■ EXERCISE REQUIREMENTS
All of the data that follows should be given again exactly, without its images.

[[ DATA SEGMENT, beginning ]]

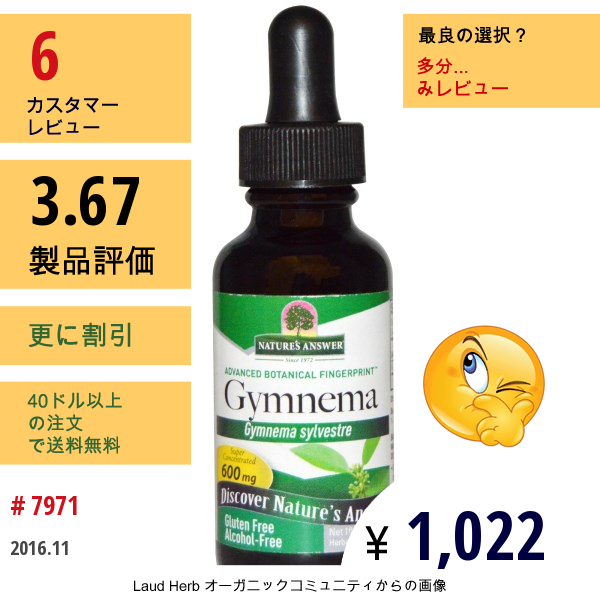 Natures Answer, ギムネマ、アルコールフリー、 600 Mg、1 液量オンス (30 Ml)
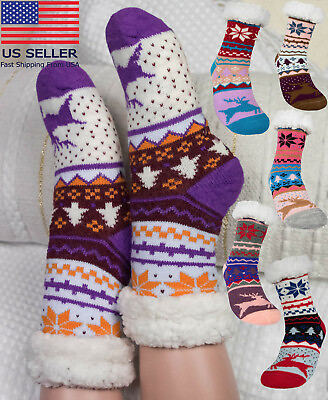 #ad Winter Socks Xmas Cozy Warm Women Anti Slip Comfy Soft New Girl Men One Size Lot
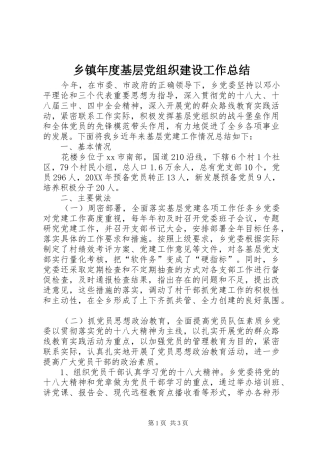 2024年乡镇年度基层党组织建设工作总结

[[ DATA SEGMENT, end ]]

■ WRITTEN SOLUTION
 Natures Answer, ギムネマ、アルコールフリー、 600 Mg、1 液量オンス (30 Ml)
 #ad Winter Socks Xmas Cozy Warm Women Anti Slip Comfy Soft New Girl Men One Size Lot
 2024年乡镇年度基层党组织建设工作总结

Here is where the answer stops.